Some of my friends on Facebook are not famous and don't even pretend to be. One of them, whom I shall call Gordon, because that is his name, contacted me and wanted a copy of my new book 'Letters to My Golf Club' (bugger, that looks like a plug but it isn't, it's just background detail to the story). I suggested that he go to a bookshop and buy it but, oh no, Gordon wondered whether he could have a signed copy. I said "yes" and asked him for an address.

"Oh no," said Gordon again, "Where's the fun in that?"

I asked him what he proposed and he suggested a type of "dead-letter" drop, like spies do. I loved the idea and suggested that he leave the money (I'm not giving them away) and his address taped under the first bench on the right as you enter Soho Square from Soho Street. Gordon agreed and said that he'd do the "drop off" Thursday evening and that I could pick up Friday morning. I love this sort of thing and was pretty excited Friday morning as I strolled into Soho Square. Unfortunately, there was a large tramp fast asleep on the designated bench. I walked past a couple of times trying to spot the "package" but I had specified that it should be underneath the bench. I wasn't going to let no tramp get in my way. I sidled up to the bench, looked around and then got on the ground and slid under the tramp and the bench. I looked around but there was nothing on the bottom apart from some old bits of chewing gum.

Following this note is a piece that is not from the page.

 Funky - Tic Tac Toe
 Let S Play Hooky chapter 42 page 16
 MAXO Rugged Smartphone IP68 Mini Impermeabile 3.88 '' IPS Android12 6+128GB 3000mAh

What an idiot I had been. This was clearly a joke and I had fallen for it hook, line and sinker. Suddenly the crumpled body above me sat up, the tramp was awake and he'd spotted me underneath him. He started screaming out indecipherable Glaswegian (they're always from Glasgow) tramp noises and stamping on my feet. I rolled out, apologised and ran away while several people pointed and stared at me, clearly whispering – "Isn't that the 'Trigger Happy' guy? Why is he looking up a tramp's bottom? YUK."

I raced into my agent's office and hid in a meeting room. I got online only to discover a new Facebook message from Gordon – "There was a tramp on the designated bench so I've attached it to the bottom of the railings behind it."

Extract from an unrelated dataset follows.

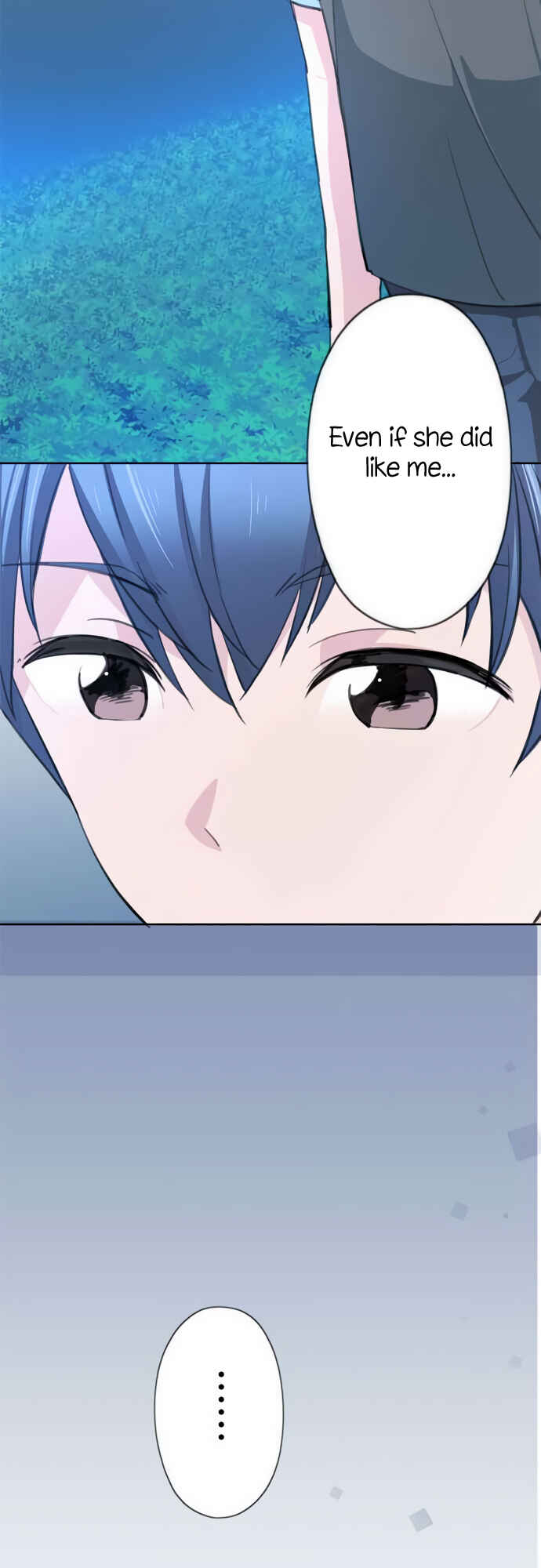Page 30 Chapter 53 Sorairo no Graffiti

This was clearly a bench reserved exclusively for tramp use. I rushed back out into Soho Square and approached the railings trying not to let the tramp see me again. Sure enough, there it was – an empty Biro case attached to the railings. I snapped it off. On the outside was Gordon's address. Rolled tightly inside was a £10 note. This was brilliant – I should sell all my books like this. It put me in a really good mood all day.

Later that evening when I was back on Facebook I messaged my close personal friend David Miliband, the Foreign Secretary, to offer him a similar signed-copy deal. If he looked next to the boathouse in St James's Park, under a small red-berry bush, he'd find it. I asked him to leave £10 in the same place. It's only a minute's walk from his office in the Foreign Office. I got no reply but two days later I went back – the book has gone but no money was left.

Now, I'm not accusing our Foreign Secretary of anything ... for now ... it could have been Chico or the fake Michael Winner having read our messages. I'm going to find out though – and whoever it is will find themselves deleted from my close and personal 645 friends. You've been warned.